Giant Largemouth Breaks 20-Year-Old Record

A man holds up the record-setting largemouth he caught.

Two days after Thanksgiving, Clay Butler of San Angelo, Texas, and his pal Hunter Crossland were in Butler’s 21-foot Skeeter bass boat, prowling the flooded timber of Mitchell County’s 1,500-acre Champion Creek Reservoir on an overcast 60-degree day.

“It was late afternoon, and we were cruising through sunken timber looking for bass on my sonar,” Butler tells Wired2fish. “I’d caught-and-released an 8-pounder, and a smaller 3-pounder earlier in the day. About 4 p.m. I marked a fish on sonar suspended a few feet off bottom in 18 feet of water. I figured it was a big bass, because heavier fish are suspended deeper than small ones.”

Butler says that higher suspended bass in the old reservoir feed on little threadfin shad, while bigger bass are deeper, targeting bigger gizzard shad.

“The wind was blowing 20 miles per hour, and I had to maneuver the boat to make a good cast to the big fish,” said the 47-year-old construction business owner. “My first cast was off the mark. But my second cast was good, and I let my lure sink straight down to the fish.”


Landing the Big One

Clay Butler and Record Largemouth Bass

Butler then watched his lure sink on sonar. When the roundhead 10-gram jig fitted with a 7-inch soft plastic natural colored minnow was just above the fish, he slowed the lure descent with his spinning tackle.

“I could see her turn and look at the lure on sonar,” he said. “I just shook my rod a bit. She rushed the jig, thumped it hard, and I set the hook.”

The bass never jumped, but Butler and Crossland knew the fish was huge. The hooked bass went up and down in the water column, and around the boat for several minutes. Butler finally got the tired bass to the surface and led it into the net that Crossland held ready. 

“Hunter had hurt his arm a couple days earlier and wasn’t able to cast and fish, so he was just along for the ride to get outside,” Butler said. “He had a little trouble working the landing net, but I maneuvered the bass into the open net he held at boatside. Then we hauled the fish into my Skeeter.”


Confirming a Hunch

giant Texas bass breaks record 1

Both anglers knew it would weigh more than 10 pounds. When Butler put it on his fishing scale, it showed the largemouth was over 12 pounds.
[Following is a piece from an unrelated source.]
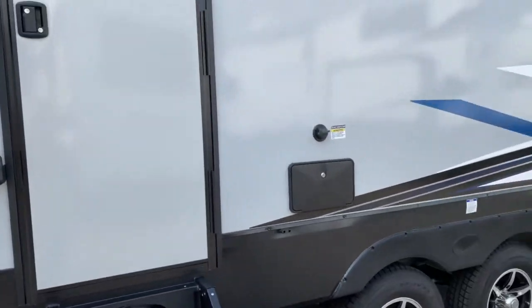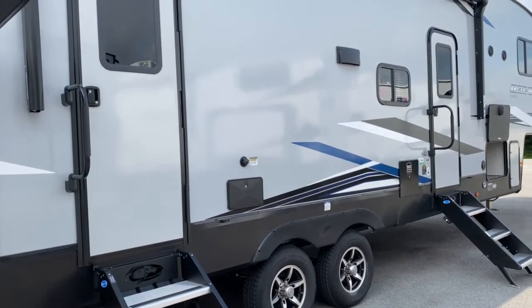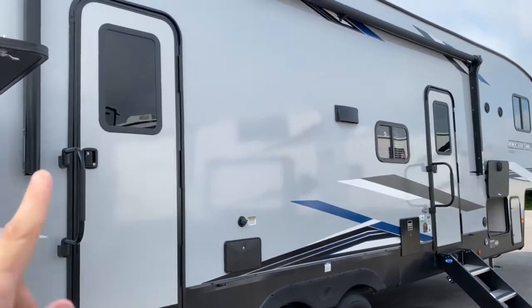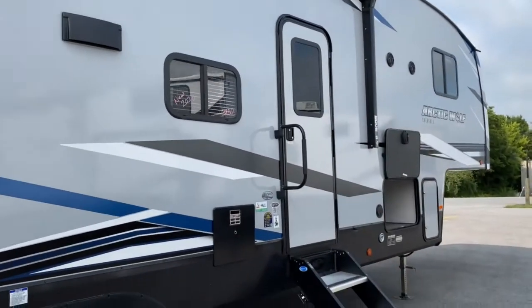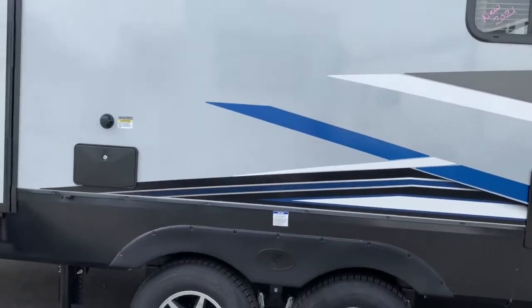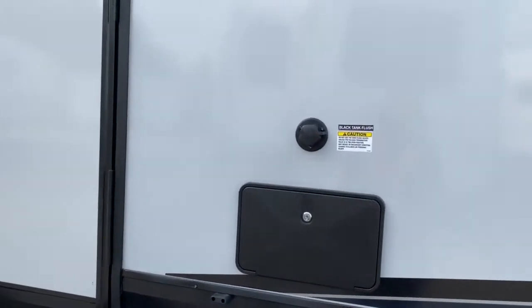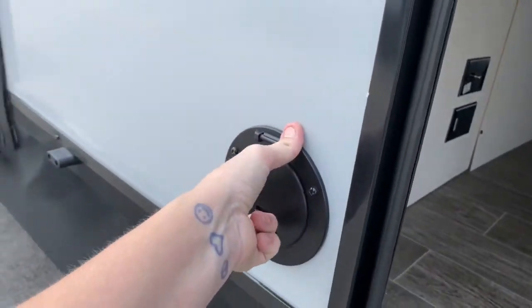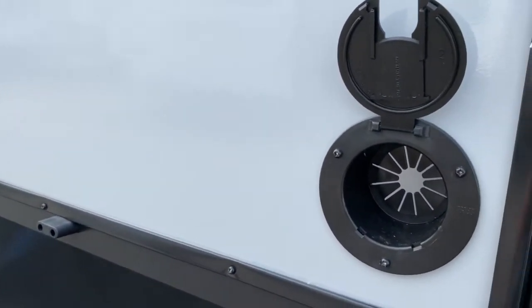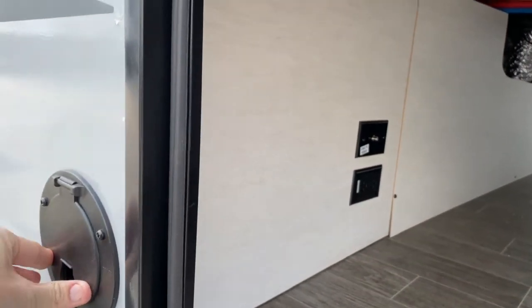This unit does have two entries. This one right here leads into the bathroom, the half bath, and the other one leads into the main living space. It does have a large awning. You've got outdoor speakers, and you have all your water connections, your black tank flushes, and an outdoor shower here as well. There is a spot to run your cord through, with your cable hookup and an outlet right there.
“We knew it was a possible lake record, and we had to get it officially weighed,” said Butler, a dedicated student of bass fishing and a fan of YouTube bass videos. “The store at the boat ramp was closed. So, we put the fish in my boat livewell, loaded the Skeeter onto my trailer and drove an hour to the town of Bronte.”

There’s an official state-sanctioned scale at Bronte Guns & Tackle, which was open and able to weigh Butler’s bass.

The largemouth officially weighed 12.55 pounds, with a 26.75-inch length and 21.5-inch  girth. All state record paperwork was filled out and delivered to Texas’ Inland Fisheries Department, which has declared Butler’s bass as a new Champion Creek Reservoir largemouth recordholder.

The lake’s previous record was set in 2005, when Wendell Pinkerton caught a 26-inch-long bass weighing 11.80 pounds.


A Record Catch Swims Free

The head of a largemouth bass pokes through a livewell opening.

Butler says he’ll have a replica mount made of his record 12.55-pound bass. After the fish was weighed, he returned to the lake with both Crossland and his catch to release the fish.

“The state requires that record bass be live released, and we did that with my bass,” Butler explains. “We traveled two hours round trip, weighed the fish, and let her go right from the boat ramp dock into Champion Creek. That fish was as frisky as ever, and in great shape. I was thrilled to watch her swim away.”